I start laughing and crying, because my ex-girlfriend couldn’t face a kitchen mouse let alone strike another woman, because I loved her so much and walked away, because I glimpse in my tía’s words some deeper emotion, some love that struggles to be steady even when it hurts.
Queer Narratives
The teenagers file into the classroom, an army of baggy jeans and stiff hair, acrylic nails and cell phones. They number at least thirty, maybe forty. Their teacher is forcing them to be here, because a community organization has sent me to talk to them about what it means to be a part of the lesbian, gay, bisexual, and transgender community. The idea is that
the more contact young people have with queers, the less likely they will be to hate us or worse.
“I’m bisexual,” I start. “It’s like you like vanilla and chocolate ice cream, but not at the same time.” I score a few smiles and half of a laugh, the kind you get when the joke was that bad. The boys in the front pause from scanning their cell phones.
As I talk, photographs of my life migrate around the classroom: aunties gathered around me at a birthday cake, my mother beaming next to me at college graduation. The boys hand the photos off like baseball cards they already own; the girls cradle them with the tips of their nails, careful to not leave any kind of mancha.
A girl raises her hand. She’s at the back of the room and reminds me of myself when I was in high school (the big earrings, the acrylic uñas, the long hair tucked behind her ear). She asks, “Do you want to marry a guy or a girl?”
I want to tell her: “Girlfriend, I’d be happy to meet someone I like as much as my cat.” But I can’t say that, because these are teenagers. They are impressionable. They’re young. If I give them the wrong response, they might beat up a queer kid one day or not come out of the closet themselves. “For me, gender doesn’t matter,” I announce, painfully cheerful. “I’m attracted to who the person is on the inside.”
The moment the words are out of my mouth, I cringe. What I have said is bullshit and the girl knows it and I know it and so does everyone else in the room. It does matter—gender, sexuality, desire, all of it. If it didn’t, I wouldn’t be here talking about it, and Gwen Araujo would still be alive.
Looking at pictures of Gwen, it is her eyes you notice first. Dark and almost arrogant, her eyes seem to leave behind the rest of her, as if the face and body are expendable and all that matters are the verses inscribed in pupils and irises, false eyelashes and arched eyebrows.

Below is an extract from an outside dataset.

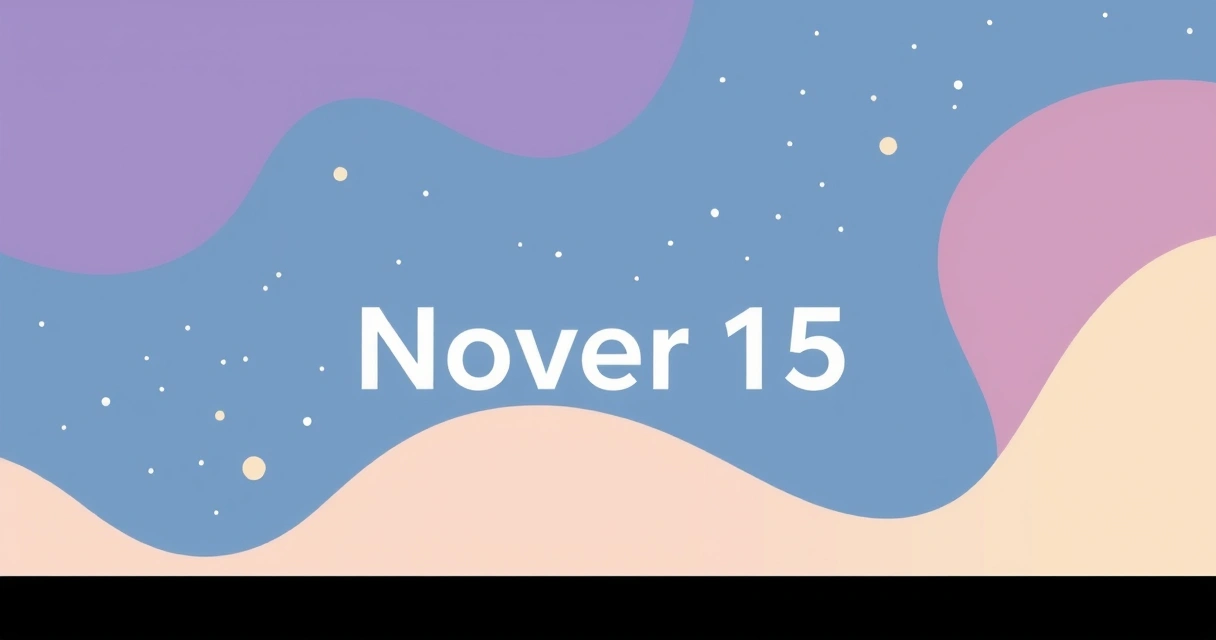 Horoscope for Nov 15: Data-Driven Insights from 25,000 Charts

But the shape of a poem counts and the body, too, so in 2004, I traveled to the small town outside of San Francisco, where Gwen had grown up. I was writing a magazine article about her life and what had happened before and after. The facts were these: Gwen had been born in 1985 to a Chicana mother. She had been born a boy. The flat chest, the flaccid penis, the narrow hips—these were not body parts to Gwen but chapters in a book that made her cry.